Si el Estado renuncia a intervenir en ellos será muy difícil que logre
compensar más tarde mediante políticas redistributivas los desaguisados
realizados y las limitaciones impuestas. Éste es el drama de muchos partidos
socialistas, que comienzan aceptando que el Estado abdique de sus funciones y
entregue la economía a los poderes privados, para después afirmar que las
limitaciones impuestas por esos poderes les impiden practicar políticas
redistributivas.
Tiene razón el canciller cuando advierte que la
riqueza sólo se puede redistribuir una vez que se ha generado; redistribuir,
sí, pero distribuir en el momento de la generación. La aseveración conservadora
de que es preciso incrementar el pastel antes de distribuirlo presupone una
oposición entre crecimiento e igualdad que dista mucho de estar confirmada. Más
bien, lo que se produce es todo lo contrario. Hay que coincidir con Lafontaine cuando en su libro “No hay que tener miedo a la
globalización” defiende que las bajas tasas de crecimiento de Europa en los
últimos años se explican, al menos en parte, por una distribución inadecuada de
la renta que ha castigado a los trabajadores en beneficio del excedente
empresarial. La productividad se ha elevado significativamente, muy por encima
de los salarios reales, con lo que los empresarios y las rentas de capital se
han apropiado de gran parte del incremento de la productividad. Desde 1976 los
costes laborales unitarios en términos reales (salarios reales divididos por la
productividad) se han reducido en la Unión Europea más del 20%.

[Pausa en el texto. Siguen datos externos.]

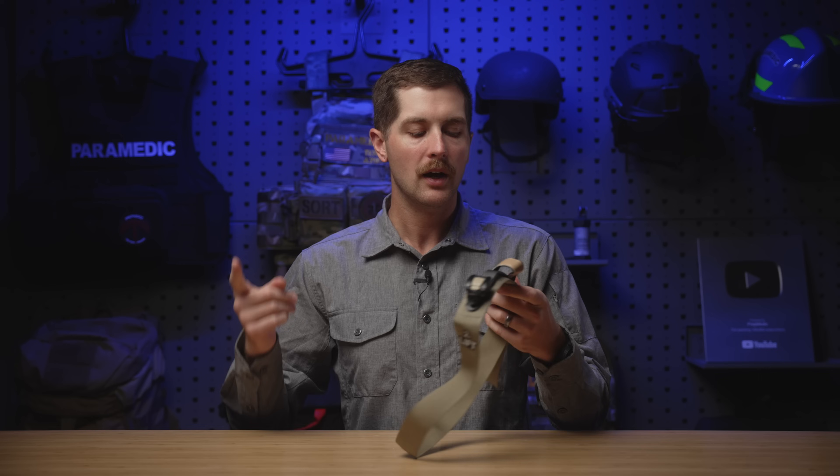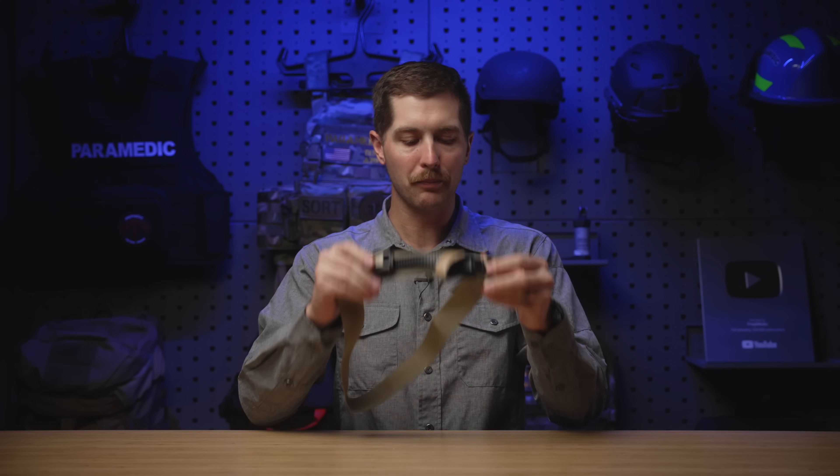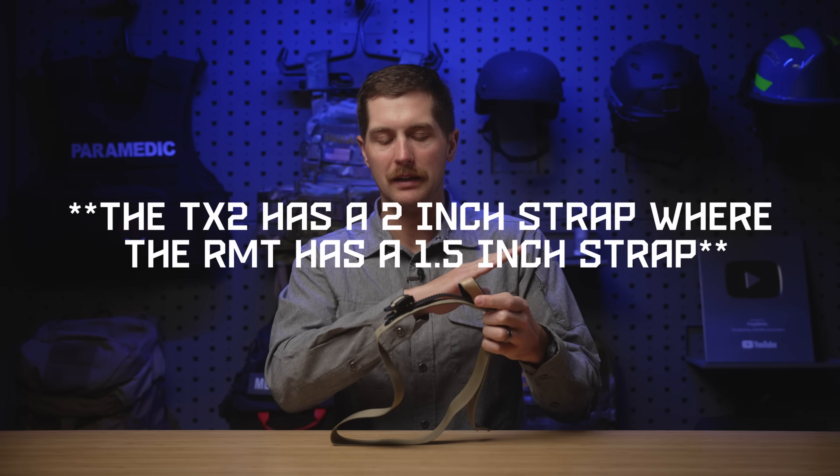There are two other tourniquets very similar to this on the COTCCC's website for recommended items: the TX2 and the TX3. I'll be completely honest — the TX2 compared to this, the RMT, I think they're essentially identical. I'm not an expert in patents, but their functionality is the same as far as I'm concerned.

Han sido las políticas neoliberales practicadas, con
actuaciones monetarias restrictivas, por ejemplo, las que han ido deprimiendo
las tasas europeas de crecimiento hasta la situación actual al borde de la
deflación. El neoliberalismo económico se olvida de que los trabajadores
también son consumidores y de que si el deterioro de las condiciones laborales
reduce los costes de la mano de obra, como contrapartida daña el consumo, la
demanda y, por lo tanto, el crecimiento.
La autonomía del Banco Central Europeo y su obsesión
por las tasas de inflación, prescindiendo de cuál sea el crecimiento económico,
poco tiene que ver con la realidad y la necesidad económica; obedece a una
opción ideológica, al igual que es una opción ideológica reducir las pensiones,
disminuir el seguro de desempleo, desregular el mercado de trabajo y bajar los
impuestos, tal como pretende hacer el canciller alemán en su agenda 2010.

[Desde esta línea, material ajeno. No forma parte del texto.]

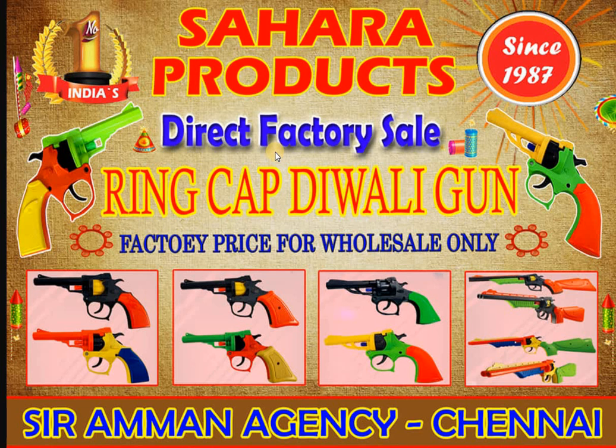The ring cap gun is very good for us. In the 90s, roll cap is used. However, in the market, there are a lot of problems.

Resulta difícil explicar por qué se reactiva la economía cuando los recursos se
destinan a reducir la carga fiscal de las clases altas y no cuando esos mismos
recursos se orientan a pagar pensiones o al seguro de desempleo, teniendo en
cuanta que los destinatarios de estas percepciones tienen una propensión a
consumir bastante mayor que los contribuyentes de elevados ingresos.

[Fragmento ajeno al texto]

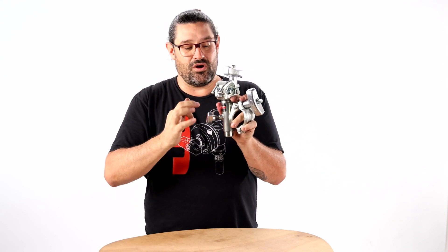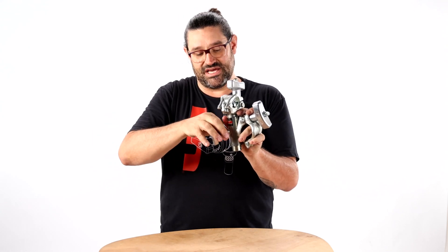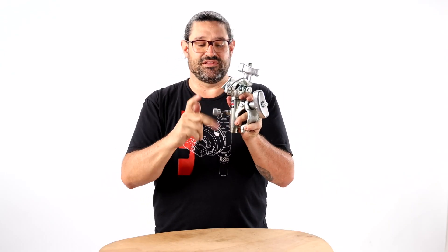If you don't know if you are biting in the right section, and if you are in the undercut, you can always take the T-handle out, take a peek in the hole, and if you see the knurled pattern, you know that your T-handle is in the right place.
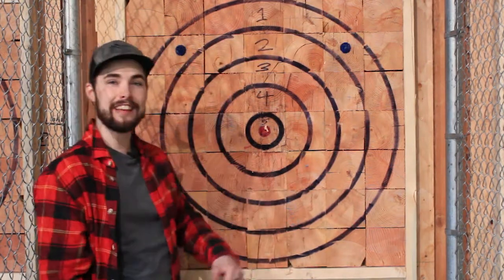So if you want to try something a little bit different than our pine straight grain boards, come on in to Axe and Grind in IMO, and we'll get you going on these end grain targets.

No se entiende por qué los jóvenes a los que se
obliga hoy a contribuir van a tener que carecer, tal como afirma Schröder, de la menor esperanza de que un día se les
devuelva lo que han aportado, cuando la renta per cápita se ha duplicado en los
treinta últimos años, y no hay razón que justifique que no pueda hacer otro
tanto en los treinta venideros. El único motivo para albergar tal falta de
esperanza se encuentra en las políticas neoliberales que, por ejemplo, se
niegan a gravar fiscalmente el capital y los excedentes empresariales, y en la
postura de ciertos partidos socialistas que asumen miméticamente los principios
del neoliberalismo.
El canciller alemán fiel a sus
raíces cita una frase de Ferdinand Lassale: “Toda
acción política empieza por decir la verdad”. Pues bien, señor Schröder, diga sin tapujos la verdad: que el SPD ha dejado
de ser socialista, ha dejado de ser de izquierdas. Diga la verdad, esa verdad
que nadie se atreve a formular, pero que cada vez son más los que la piensan,
que en los sistemas políticos actuales el poder económico ha blindado todo tan
bien que resulta imposible que surja o se mantenga un partido de izquierdas.